* [YOUR OBJECTIVE] Your reply should reproduce all the data below exactly while excluding the pictures.

Web page caption snippets
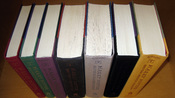 All seven books in the Harry Potter series in order without their dust jackets. Each hardcover book used a different two-color scheme. The books are the first American editions published by Scholastic. Author's collection.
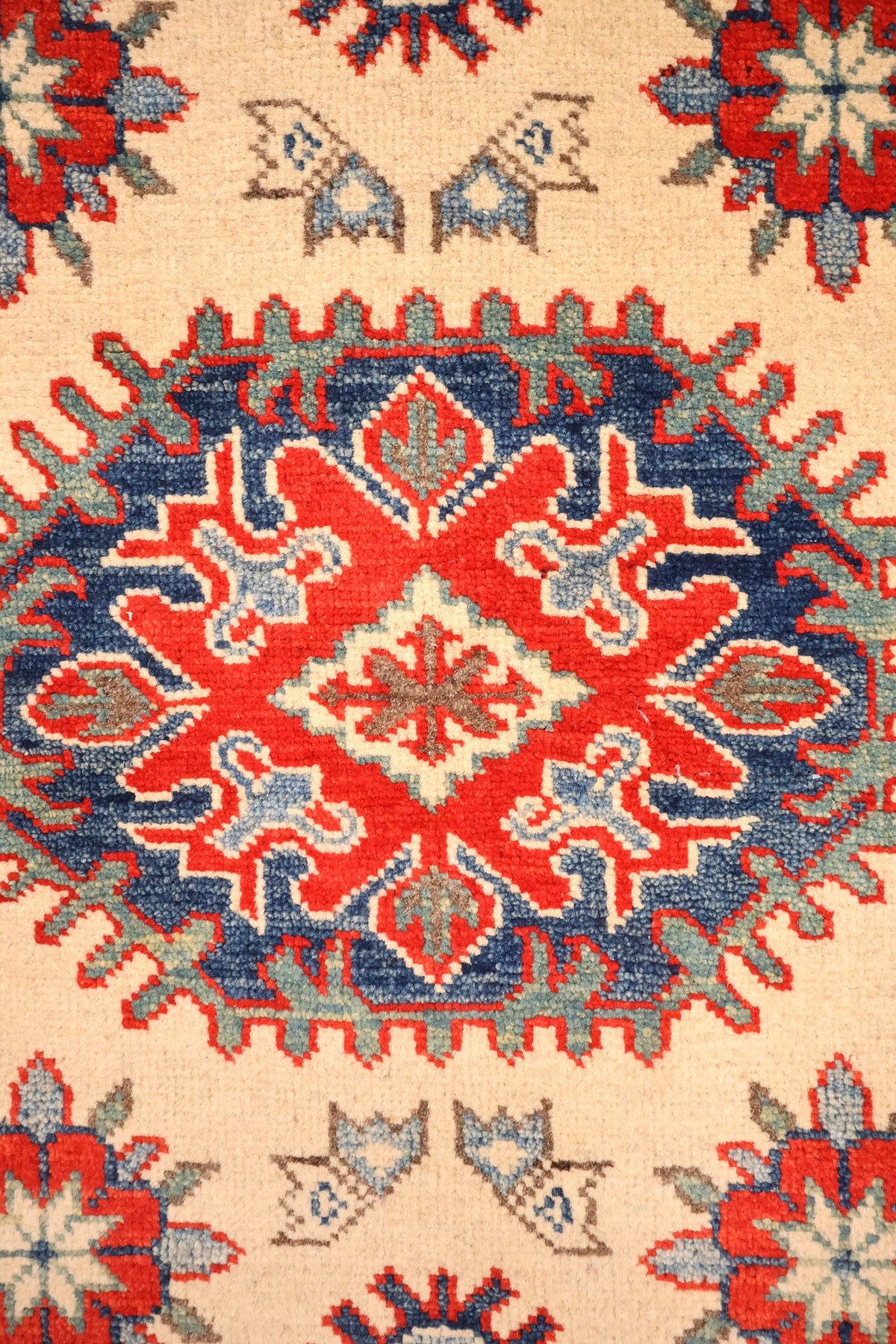 Détail du médaillon crénelé rouge et bleu au centre du tapis Kazak beige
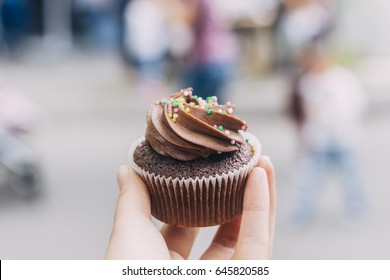 Hand Holding Homemade Cupcake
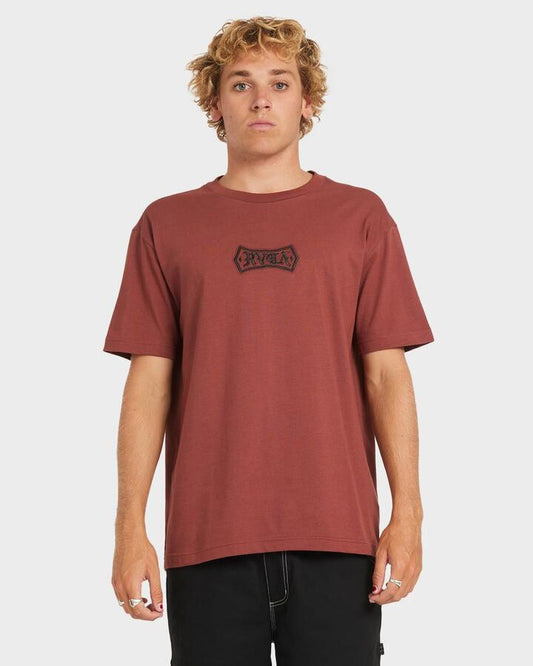 Image of a model wearing Tops. Productname: RVCA Mens Meric Text T-Shirt Red Earth - in Red Earth colour by brand - RVCA
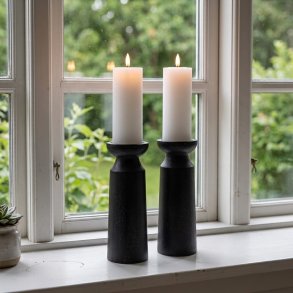To store, sorte tr�lysestager med t�ndte stearinlys st�r p� en hvid vindueskarm foran et vindue med udsigt til en gr�n have. En lille sukkulent plante i en krukke st�r til venstre.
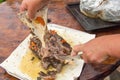 A woman& x27;s hand separates the fried meat from the bones, cutting it with a knife. Delicious meat for a family dinner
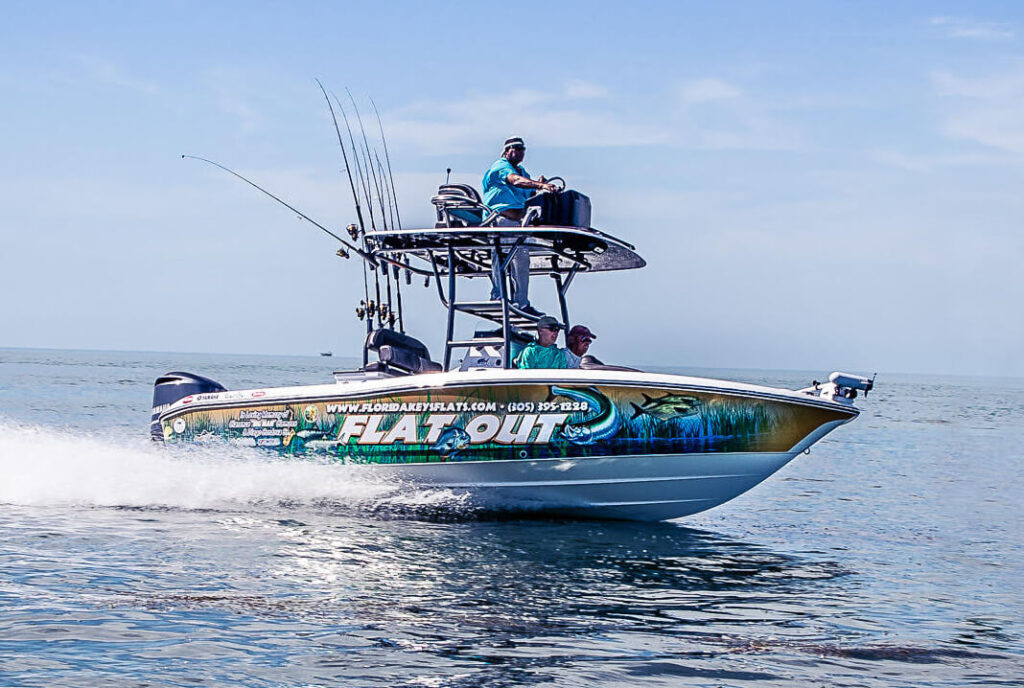 24′ hybrid bay boat in motion on clear waters, featuring fishing gear and four anglers, designed for versatile inshore fishing in the Florida Keys.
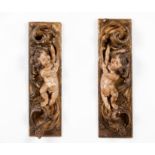 A pair of carved fragments with cherubs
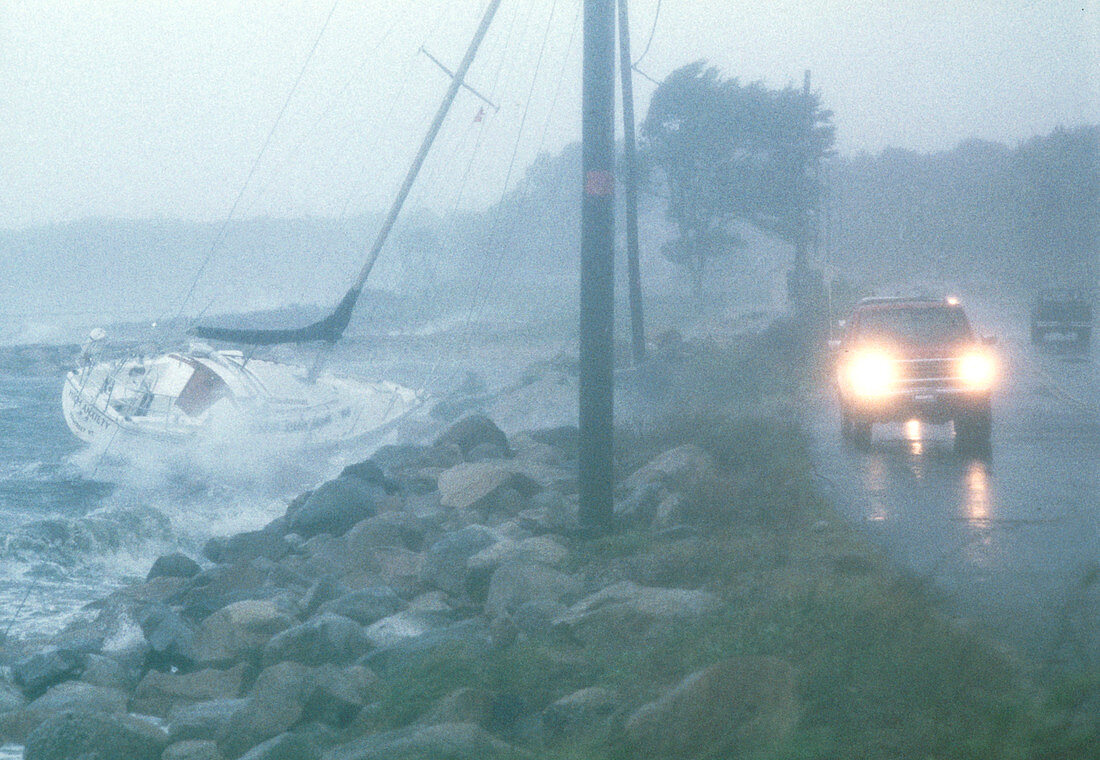 Yacht thrown onto rocks by Hurricane Bob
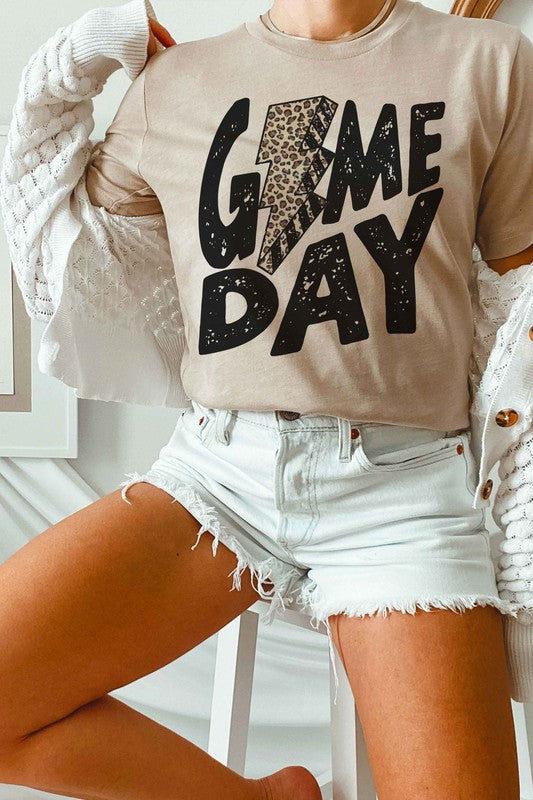 A person wearing a white "LEOPARD LIGHTNING GAME DAY Graphic Tee" with a leopard print lightning bolt design stands with a denim jacket partially on, showcasing its unisex sizing.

* [SOLUTION TO THIS EXERCISE]
 All seven books in the Harry Potter series in order without their dust jackets. Each hardcover book used a different two-color scheme. The books are the first American editions published by Scholastic. Author's collection.
 Détail du médaillon crénelé rouge et bleu au centre du tapis Kazak beige
 Hand Holding Homemade Cupcake
 Image of a model wearing Tops. Productname: RVCA Mens Meric Text T-Shirt Red Earth - in Red Earth colour by brand - RVCA
To store, sorte tr�lysestager med t�ndte stearinlys st�r p� en hvid vindueskarm foran et vindue med udsigt til en gr�n have. En lille sukkulent plante i en krukke st�r til venstre.
 A woman& x27;s hand separates the fried meat from the bones, cutting it with a knife. Delicious meat for a family dinner
 24′ hybrid bay boat in motion on clear waters, featuring fishing gear and four anglers, designed for versatile inshore fishing in the Florida Keys.
 A pair of carved fragments with cherubs
 Yacht thrown onto rocks by Hurricane Bob
 A person wearing a white "LEOPARD LIGHTNING GAME DAY Graphic Tee" with a leopard print lightning bolt design stands with a denim jacket partially on, showcasing its unisex sizing.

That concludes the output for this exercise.